Second – schools emphasise sexual difference through clothing deemed appropriate for males and females. If schools are serious about de-sexualising young people as best they can they would all be in long pants or long skirts – or skirt like attire. There is also the issue of female bodies and breasts – will a school dare to say over a certain size they must be bound or that an over garment will be shapeless and baggy like a sheet. But we might not be able to stop there because people find lips, necks and hair sexual – so we might need to cover them as well (hang on – I have a familiar image entering my head).
Third (and perhaps my most provocative point) – of course teens are experimenting and taking risks sexually and experiencing desire with their bodies. Figuring out sexuality however doesn’t begin and end at high school. High school are places where lot of sexual beings exist, including adults – and some teachers are barely out of high school themselves. Schools and teacher training institute need to be more proactive in talking about the very real phenomenon of teacher-student attraction without fear of it dissolving into a moral panic. Our shame about sex and sexuality in general as well as the real power imbalances between adults and young people should be more open to discussion. However I fear we’d rather maintain the institutional paranoia around sex that maintains silence and gendered assumptions which make the teaching environment a vulnerable space particularly for male teachers who’s interactions and behaviour will always be under scrutiny for ‘inappropriate’ interactions.
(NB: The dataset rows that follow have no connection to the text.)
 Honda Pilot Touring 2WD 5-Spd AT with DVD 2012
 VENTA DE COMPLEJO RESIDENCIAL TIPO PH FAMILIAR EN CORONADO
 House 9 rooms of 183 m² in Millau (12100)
Finally. Rape is a violation – a violation of respect and is often an act of extreme violence with traumatic outcomes for survivors. But we need to stop linking uncontrollable sexual desire in men and the sexual provocation of women to some predetermined natural outcome of sexual difference that rape is part of. It enables and maintains justification of date rape, sexual conquest a a right of passage and a ‘scoring’ of masculinity points. While sexual difference has largely focussed on male desire, female desire and sexuality has largely been ignored or misrepresented. Finding out more about how male and female bodies are similar in spite of the more obvious differences will not stop rape but might begin to open space for challenging the assumptions that support rape as a natural outcome of sexual difference.
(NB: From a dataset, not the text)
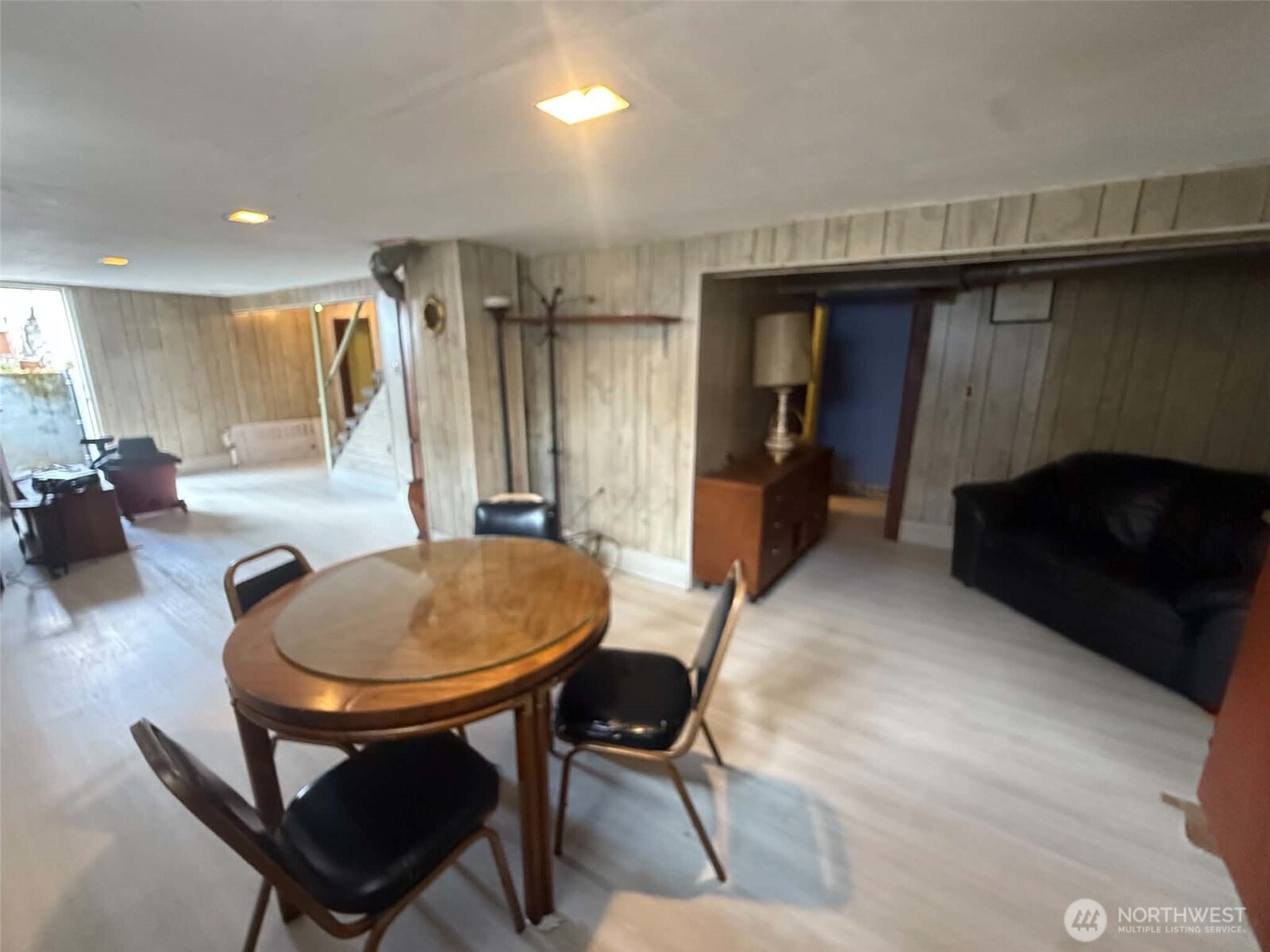 1936 S M Street Property Photo 31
It is time to stop skirting around the bigger questions and for educators to boldly step into a genuine critique of the purpose of uniforms and what ides schools hang onto in order to justify their continual gender normative policing.
A couple of weeks back, I left a meeting and was called back to be politely told ‘you can’t wear jandals anymore at work under the new health and safety regulations – have you got sandals’? The irony of the meeting being about uniform mingled with confusion but I answered in the affirmative. Flip flopping my way back to my office in my very flash, Havaianas that I had especially brought to go with my new summer wardrobe I wondered about these new Health and Safety Regulations.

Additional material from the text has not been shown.